[Given records — start]
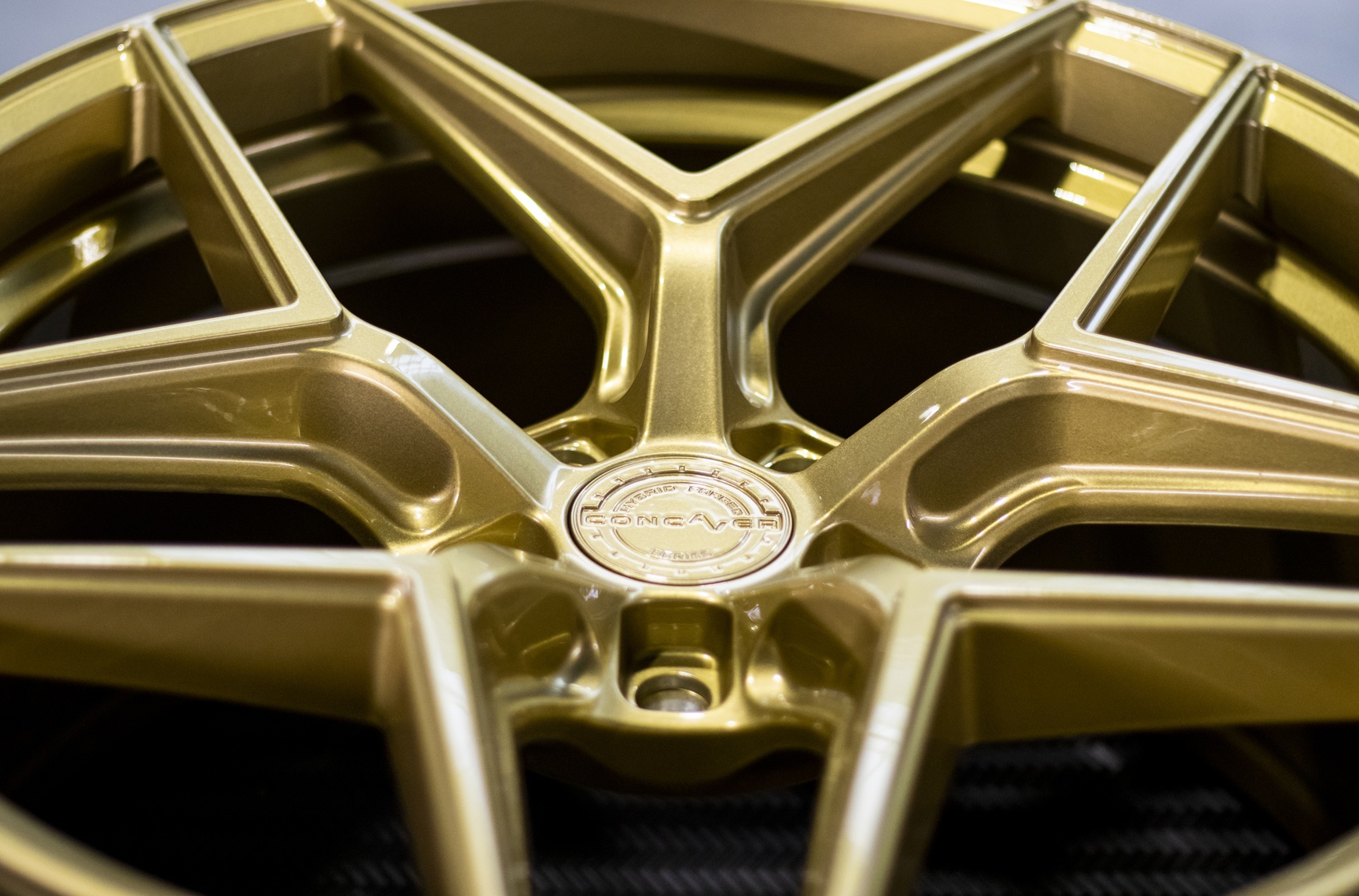   Concaver CVR2 Gloss Gold
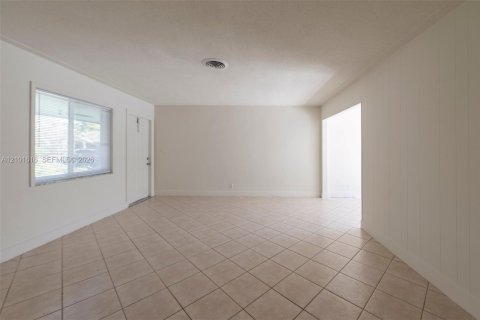 Appartement à louer à Lighthouse Point, Floride: 2 chambres, 101.08 m2 № 2404159 - photo 10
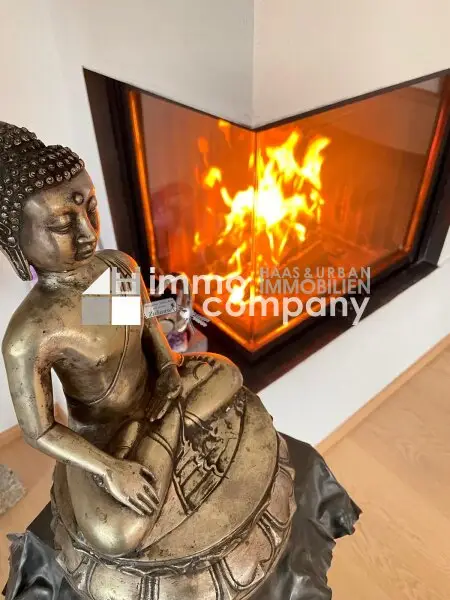 Traumhafter Bungalow in einmaliger Attersee-Lage.  Attersee Ort: 155m² Luxus mit Garten und Terrasse!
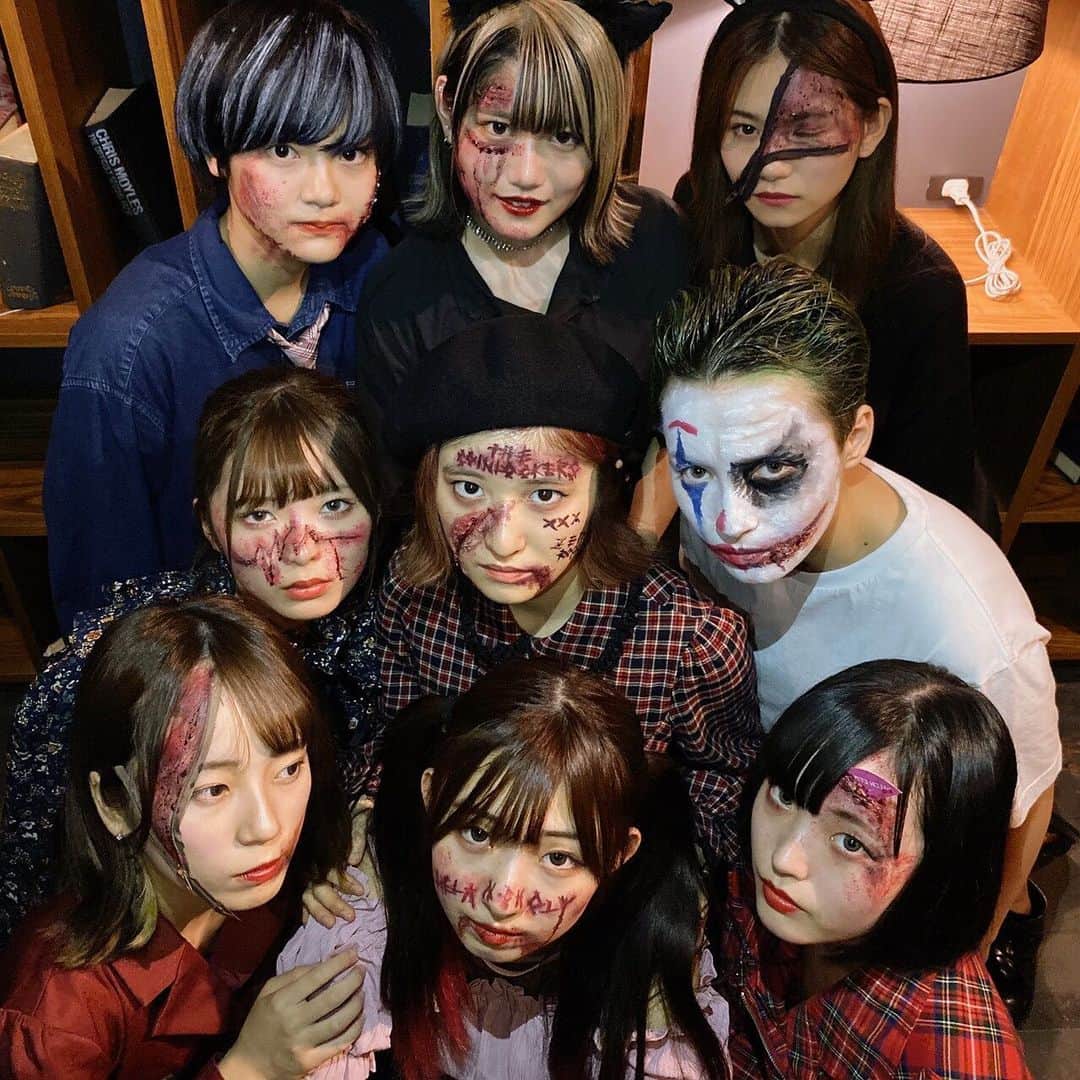 ザ・コインロッカーズのインスタグラム：「#ハロウィン ライブ「ASO-BA-NIGHT HALLOWEEN 2019」ありがとうございました✨ . 明日18時からはハッピーハロウィンSHOWROOMを配信します。ぜひ見てください。 . #コインロッカーズ #halloween」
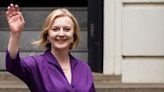 La primera ministra del Reino Unido, Liz Truss, renuncia tras 6 semanas turbulentas en el cargo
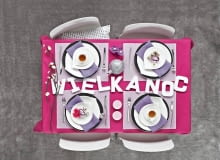 Żurek ugotowany, baby upieczone, pozostaje odświętnie nakryć stół. I tu możemy puścić wodze fantazji. Jedynym ograniczeniem jest styl zastawy i kolorystyka wnętrza. Zastawa: talerze (białe) - 105 i 75 zł/szt., filiżanki - 70 zł/szt., spodki - 39 zł/szt. Villeroy & Boch; talerze (czarne) - 19,99 zł, IKEA; sztućce - 494,90 zł/komplet, dzbanek - 79,90 zł, Duka; Dodatki: literki - 11 zł/szt., Leroy Merlin; tkanina (obrus) - 29,99 zł/m, świeczki - 12,99 zł/3 szt., IKEA; podkładki - 15 zł/szt., home&you; serwetki - 15 zł/szt., Art Manus; jajka-zawieszki - 27 zł, zajączek - 39 zł, jajko (srebrne) - 13 zł, Bed & Breakfast; sztuczna gałązka - 35 zł, Fabryka Wnętrz; pozostałe: stół - 169,99 zł, krzesła - 199,99 zł/szt., poduszka 29,99 zł, IKEA; dywan - 999 zł, Komfort. 09.02.2012 , WIELKANOC , STYLIZACJA JOANNA PLACHECKA . FOT. MICHAL MUTOR / AGENCJA GAZETA SLOWA KLUCZOWE: WNETRZA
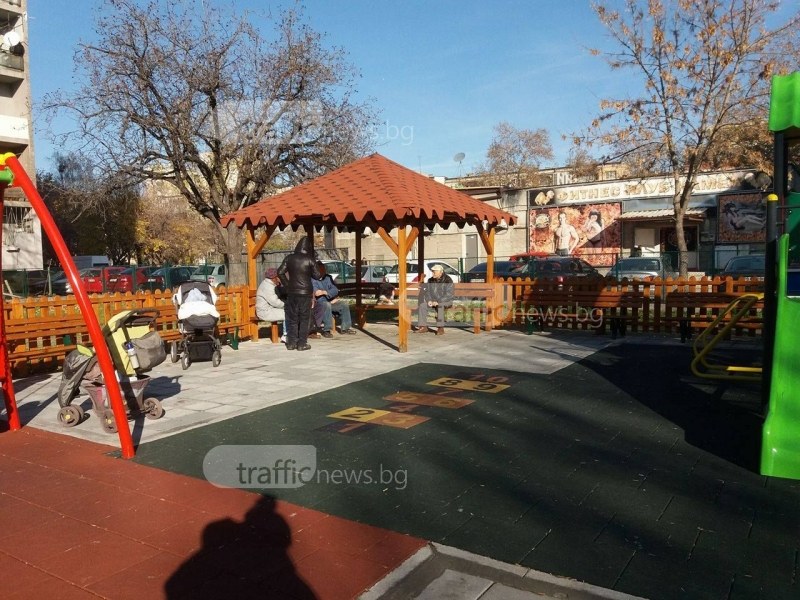 Детска площадка в Кючука стана кръчма, разлива се вино и се режат мезета от сутринта СНИМКИ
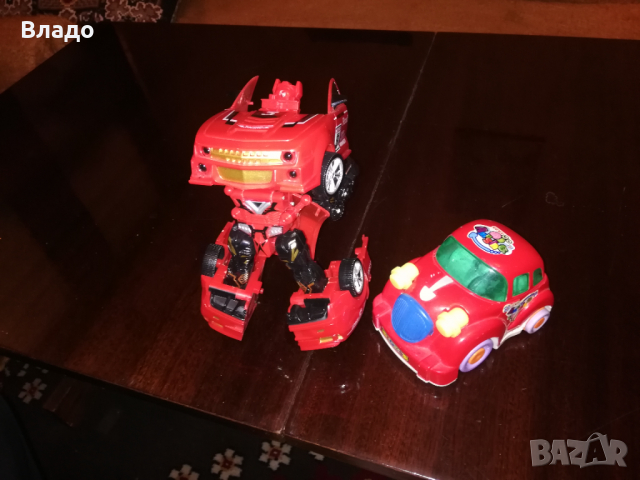  Трансформиращ се робот кола +подарък , снимка 7 - Коли, камиони, мотори, писти - 36200641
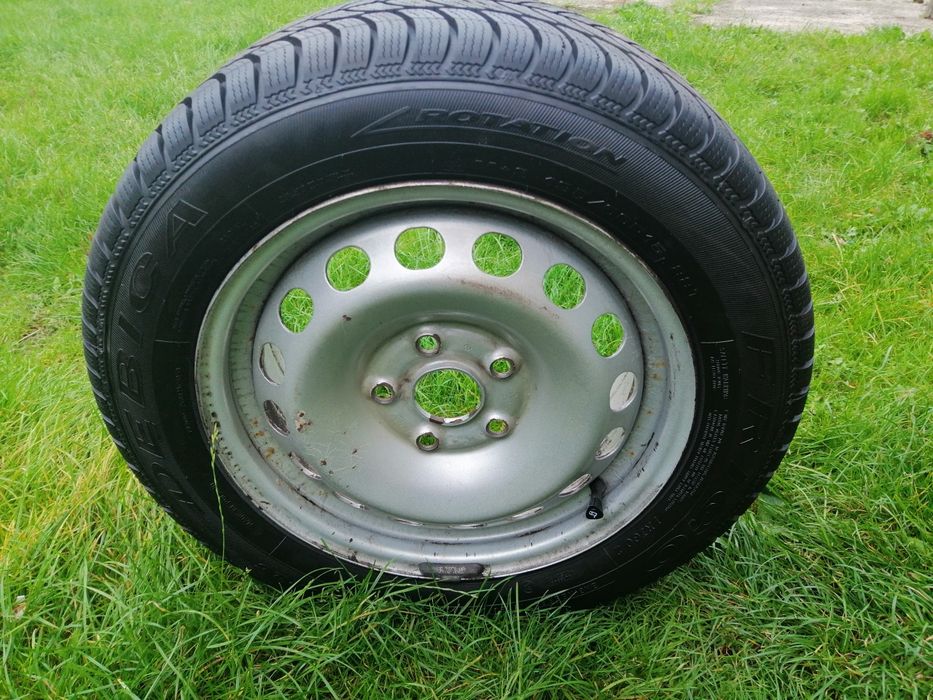 4x 195/65 R15 zimowe, plus felgi stalowe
[Given records — finish]
» Instructions for the task
Your output should be only the lines from the line with "Appartement à louer" through the end of the data, exactly as they stand, and no pictures.

» Your response
 Appartement à louer à Lighthouse Point, Floride: 2 chambres, 101.08 m2 № 2404159 - photo 10
 Traumhafter Bungalow in einmaliger Attersee-Lage.  Attersee Ort: 155m² Luxus mit Garten und Terrasse!
 ザ・コインロッカーズのインスタグラム：「#ハロウィン ライブ「ASO-BA-NIGHT HALLOWEEN 2019」ありがとうございました✨ . 明日18時からはハッピーハロウィンSHOWROOMを配信します。ぜひ見てください。 . #コインロッカーズ #halloween」
 La primera ministra del Reino Unido, Liz Truss, renuncia tras 6 semanas turbulentas en el cargo
 Żurek ugotowany, baby upieczone, pozostaje odświętnie nakryć stół. I tu możemy puścić wodze fantazji. Jedynym ograniczeniem jest styl zastawy i kolorystyka wnętrza. Zastawa: talerze (białe) - 105 i 75 zł/szt., filiżanki - 70 zł/szt., spodki - 39 zł/szt. Villeroy & Boch; talerze (czarne) - 19,99 zł, IKEA; sztućce - 494,90 zł/komplet, dzbanek - 79,90 zł, Duka; Dodatki: literki - 11 zł/szt., Leroy Merlin; tkanina (obrus) - 29,99 zł/m, świeczki - 12,99 zł/3 szt., IKEA; podkładki - 15 zł/szt., home&you; serwetki - 15 zł/szt., Art Manus; jajka-zawieszki - 27 zł, zajączek - 39 zł, jajko (srebrne) - 13 zł, Bed & Breakfast; sztuczna gałązka - 35 zł, Fabryka Wnętrz; pozostałe: stół - 169,99 zł, krzesła - 199,99 zł/szt., poduszka 29,99 zł, IKEA; dywan - 999 zł, Komfort. 09.02.2012 , WIELKANOC , STYLIZACJA JOANNA PLACHECKA . FOT. MICHAL MUTOR / AGENCJA GAZETA SLOWA KLUCZOWE: WNETRZA
 Детска площадка в Кючука стана кръчма, разлива се вино и се режат мезета от сутринта СНИМКИ
  Трансформиращ се робот кола +подарък , снимка 7 - Коли, камиони, мотори, писти - 36200641
 4x 195/65 R15 zimowe, plus felgi stalowe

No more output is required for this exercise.